Go to the line holding "Conjunto De Sala" in the data below and repeat it exactly, then each line after it up to and including the one holding "Framed Print : Hawaii - Hawaiians and their Grass Hut Framed". Omit pictures.

- [Records shown]:
===============

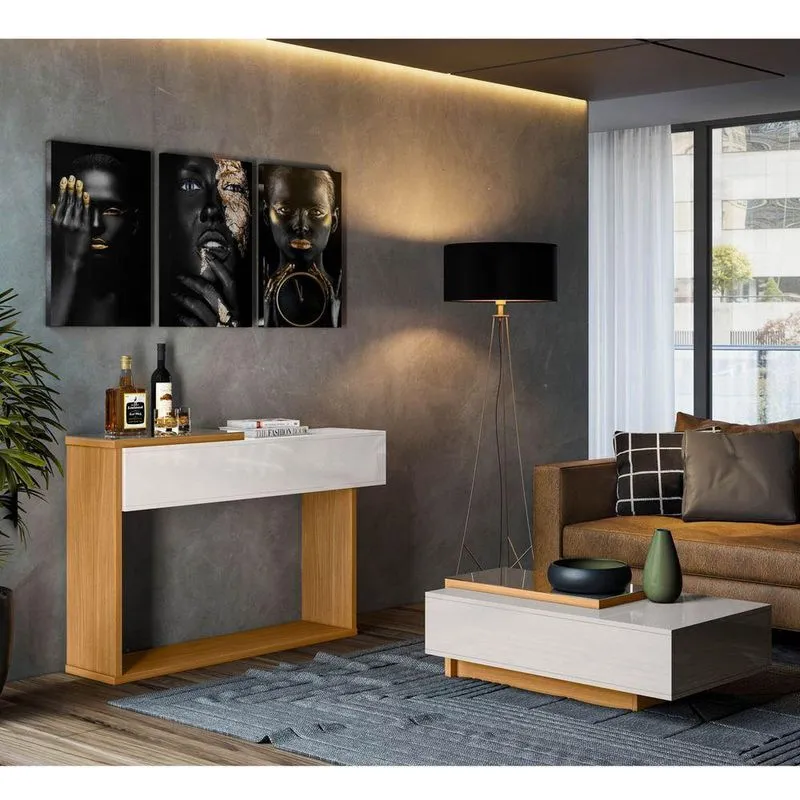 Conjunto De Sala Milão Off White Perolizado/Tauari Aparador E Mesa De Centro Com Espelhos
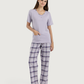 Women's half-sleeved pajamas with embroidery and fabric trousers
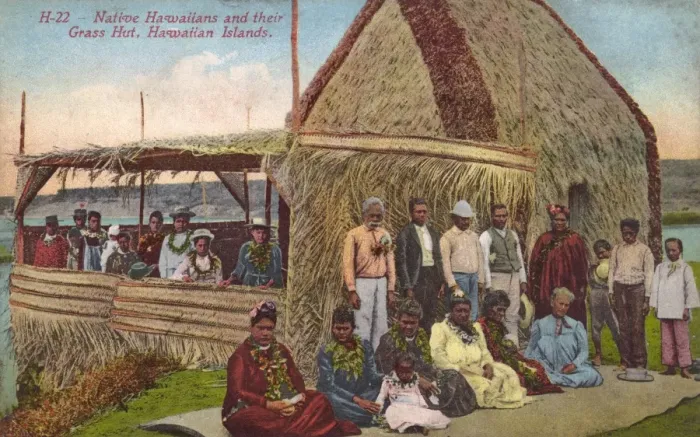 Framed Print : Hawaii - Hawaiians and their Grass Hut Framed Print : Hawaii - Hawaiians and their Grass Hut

===============

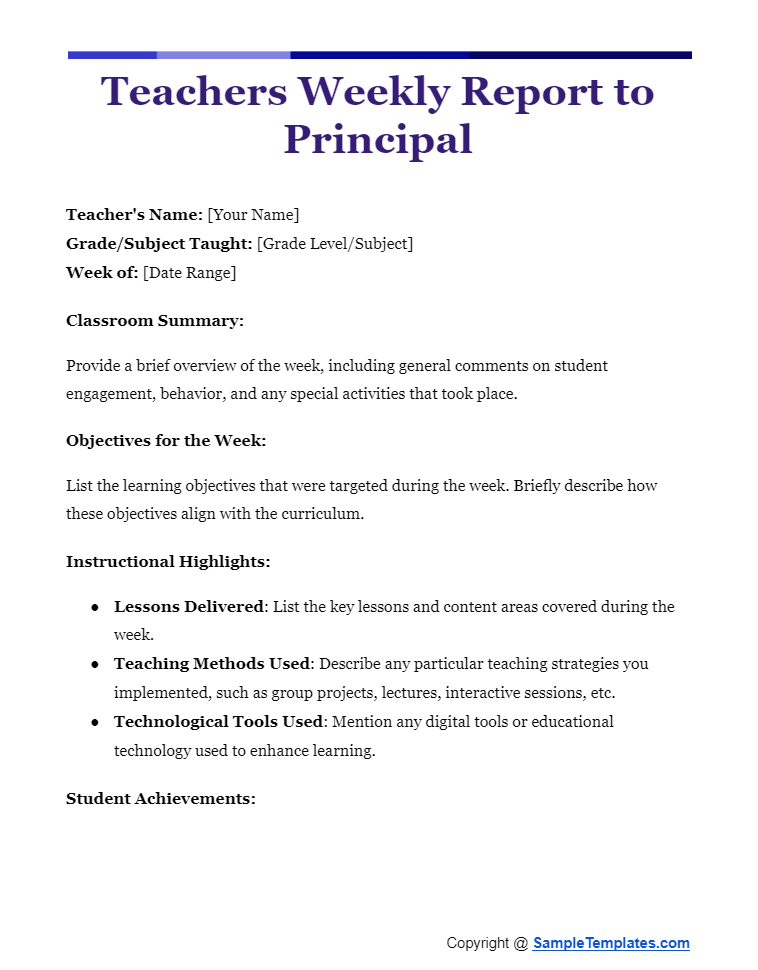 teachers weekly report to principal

===============

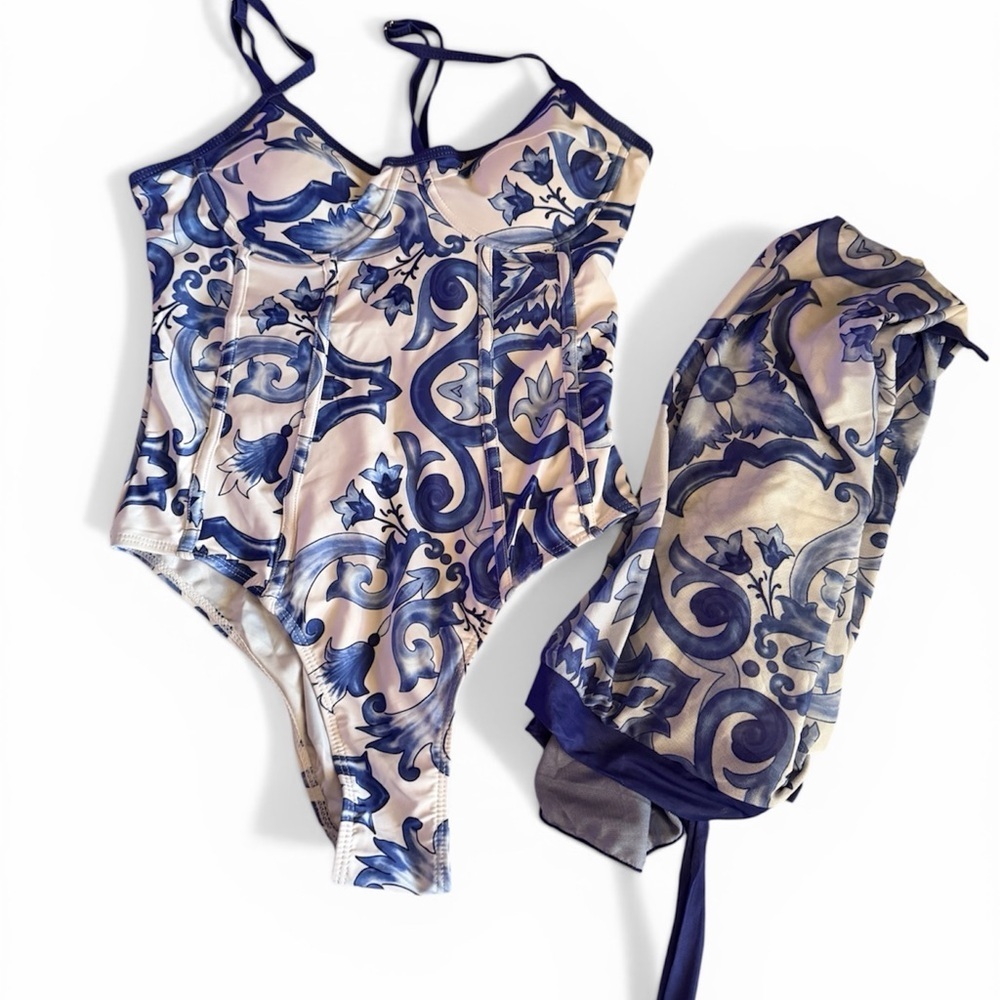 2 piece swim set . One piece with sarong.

===============

- [Answer for the task]:
 Conjunto De Sala Milão Off White Perolizado/Tauari Aparador E Mesa De Centro Com Espelhos
 Women's half-sleeved pajamas with embroidery and fabric trousers
 Framed Print : Hawaii - Hawaiians and their Grass Hut Framed Print : Hawaii - Hawaiians and their Grass Hut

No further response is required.